Graph-Coupled Oscillator Networks
This addresses the problem of training deep GNNs for researchers and practitioners by mitigating oversmoothing and gradient issues, though it is incremental as it builds on existing GNN layers.
The authors tackled the oversmoothing and gradient problems in deep graph neural networks (GNNs) by proposing Graph-Coupled Oscillator Networks (GraphCON), a framework based on ODEs, which mitigates these issues and offers competitive performance on various graph-based learning tasks.

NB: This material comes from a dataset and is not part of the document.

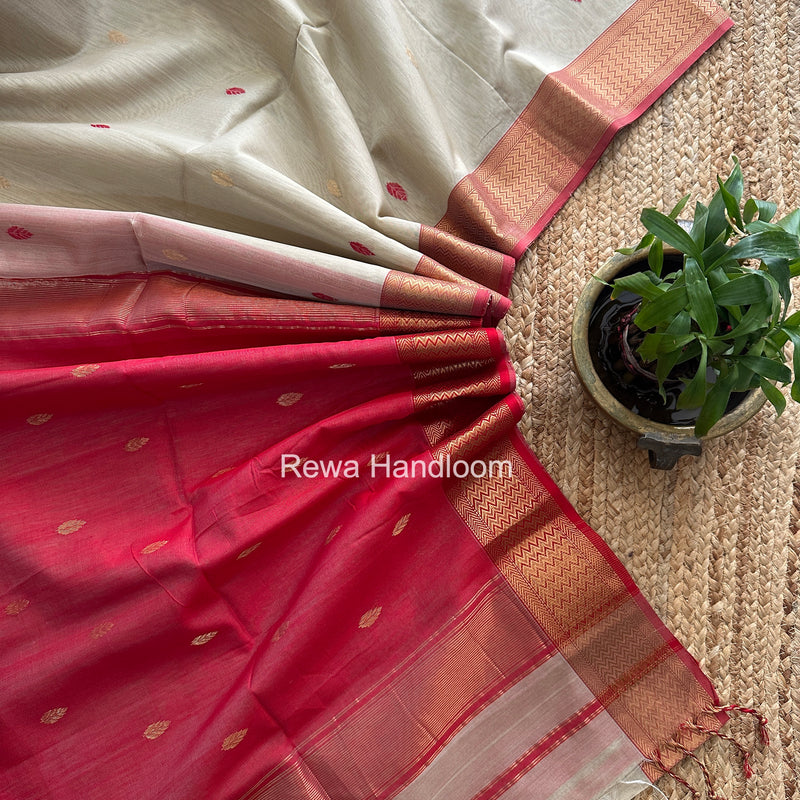 Maheshwari Beige Flower Butti Saree PTB0168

We propose Graph-Coupled Oscillator Networks (GraphCON), a novel framework for deep learning on graphs. It is based on discretizations of a second-order system of ordinary differential equations (ODEs), which model a network of nonlinear controlled and damped oscillators, coupled via the adjacency structure of the underlying graph. The flexibility of our framework permits any basic GNN layer (e.g. convolutional or attentional) as the coupling function, from which a multi-layer deep neural network is built up via the dynamics of the proposed ODEs. We relate the oversmoothing problem, commonly encountered in GNNs, to the stability of steady states of the underlying ODE and show that zero-Dirichlet energy steady states are not stable for our proposed ODEs. This demonstrates that the proposed framework mitigates the oversmoothing problem. Moreover, we prove that GraphCON mitigates the exploding and vanishing gradients problem to facilitate training of deep multi-layer GNNs. Finally, we show that our approach offers competitive performance with respect to the state-of-the-art on a variety of graph-based learning tasks.